Nesse sentido, o cristianismo, e consequentemente o natal é uma experiência encarnada no comportamento da evolução humana, portanto, dinâmica e não estática. Sua proposta não se limita a uma simples institucionalização da fé, nem tão pouco aceita-se encapsulado pelo monopólio da verdade. Concretamente, o cristianismo não é a religião do branco colonizador embora a história, especialmente na América Latina, esteja recheado de relatos em contrário. Mas, trata-se de uma experiência mais profunda e de encontro com o novo. Como bem nos lembra Francisco Aquino Junior, um dos mais promissores teólogos do Brasil, tal comportamento, que ele chama de fé e práxis, ao assumir a racionalidade do amor, o cristão precisa praticá-lo. Assim, Aquino Junior sustenta que “a fé não é algo que acontece em uma subjetividade passiva... mas uma estruturação concreta de nossa prática” com a realidade.

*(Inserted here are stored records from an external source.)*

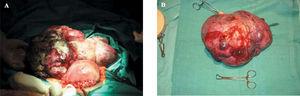 17 cm Tumor dependente do acessório esquerdo. A: Na cama cirúrgica. B: Depois de realizar uma anexetomia de todo o tumor.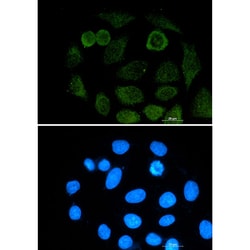 Invitrogen ATF2 Recombinant Rabbit Monoclonal Antibody (K01_1M12) 50 &mu;L | Buy Online | Invitrogen&trade; | Fisher Scientific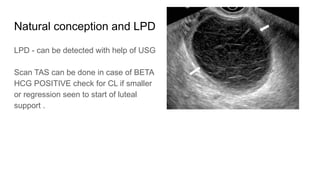 Natural conception and LPD
LPD - can be detected with help of USG
Scan TAS can be done in case of BETA
HCG POSITIVE check for CL if smaller
or regression seen to start of luteal
support .
 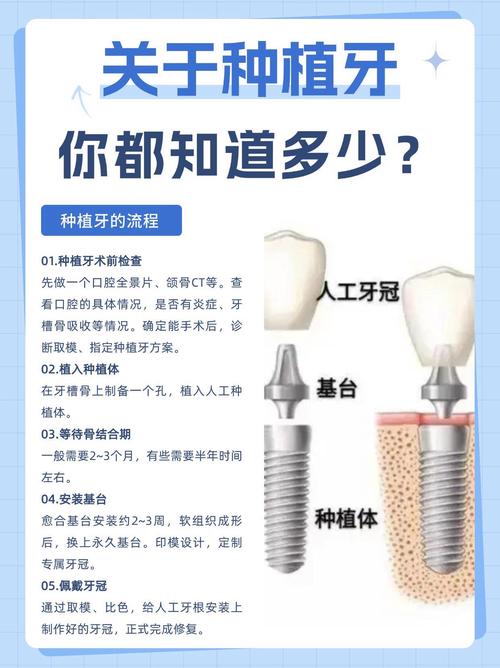 种植牙种牙时间多久？不同情况具体耗时差异大吗？-图3
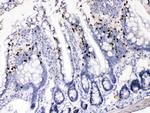 AKR1B1 Antibody in Immunohistochemistry (Paraffin) (IHC (P))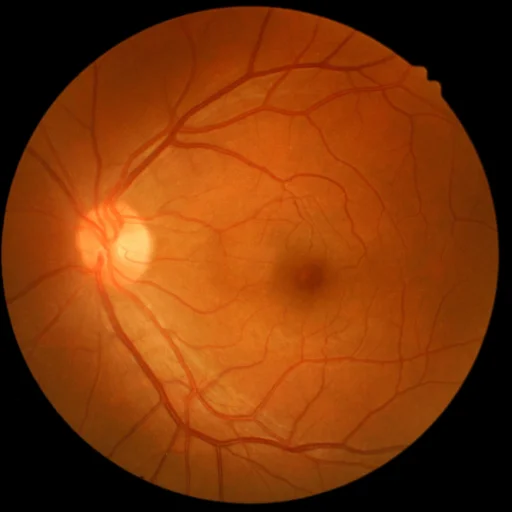 fibrose-premaculaire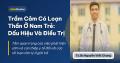 Trầm Cảm Có Loạn Thần Ở Nam Trẻ: Dấu Hiệu Và Điều Trị Trầm Cảm Có Loạn Thần Ở Nam Trẻ: Dấu Hiệu Và Điều Trị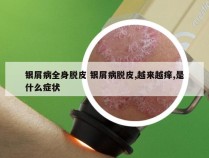 银屑病全身脱皮 银屑病脱皮,越来越痒,是什么症状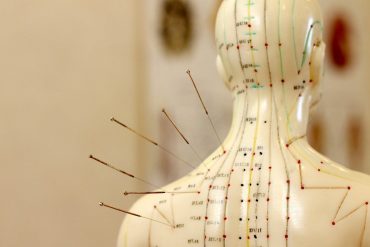 Traditional Chinese Acupuncture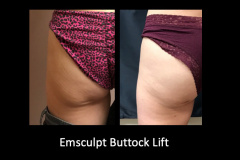 Emsculpt-side-by-side-2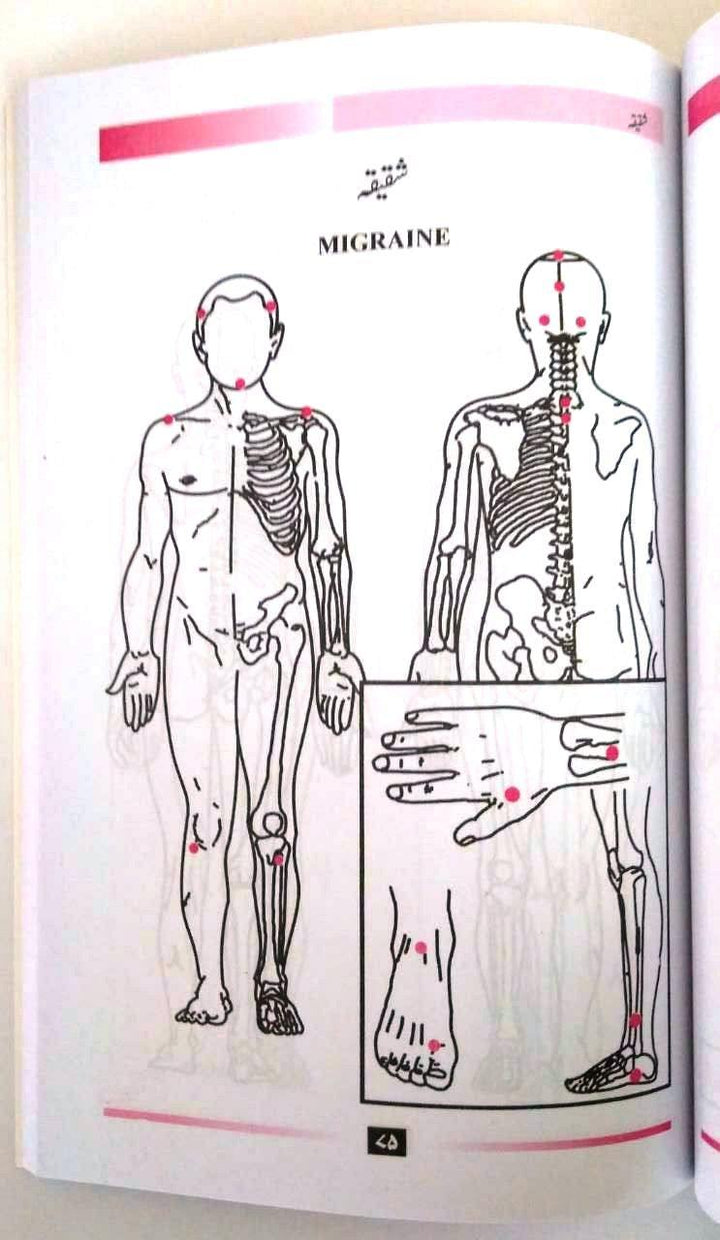 Al Hijama - Cupping Healing The Sunnah Way by Dr. Amjad Ahsan Ali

Quero insistir que a racionalidade cristã não é suportada por nenhuma teologia que não seja para a libertação. Ou como bem diz L. Boff “não é o cristão ou o católico que é bom, verdadeiro e justo, mas é o bom, o verdadeiro e o justo que é o cristão e o católico.” Porque, Cristo, continua o teólogo, “na verdade é um título.” É uma adoção concreta de um comportamento onde “o homem se abre para Deus” na busca da superação do egoísmo, por justiça, solidariedade e compaixão.
Quando isso ocorre, se dá aquilo que os teólogos chamam de “estrutura crística” podendo ocorrer inclusive antes de Jesus e fora do catolicismo cristão. Logo, nas palavras de L. Boff “o cristianismo se realiza não somente onde é professado e ortodoxamente vivido”, mas em todo lugar onde a humanidade se abre para “a justiça, a verdade e o amor.” Dito de outra forma: não é cristão um “membro confessional de um partido” como rogam algumas religiões, mas, sim “aquele que se tornou radicalmente humano a partir do cristianismo.”
Diante destas aproximações estou convencido que a radicalidade do natal exige o que há de mais humano de nós, razão pela qual é muito importante trocar presentes, afetos e compartilhar uma boa ceia, mas é urgente indignar-se diante da fome coletiva no Iêmen, das vitimas da guerra na Palestina ou dos atingidos pelas mudanças climáticas no Brasil.
É preciso, encarnar-se nas milhares de crianças palestinas desabrigadas pelas guerras, ou nas mais de 700 mil pessoas no mundo que não farão uma alimentação básica ainda hoje.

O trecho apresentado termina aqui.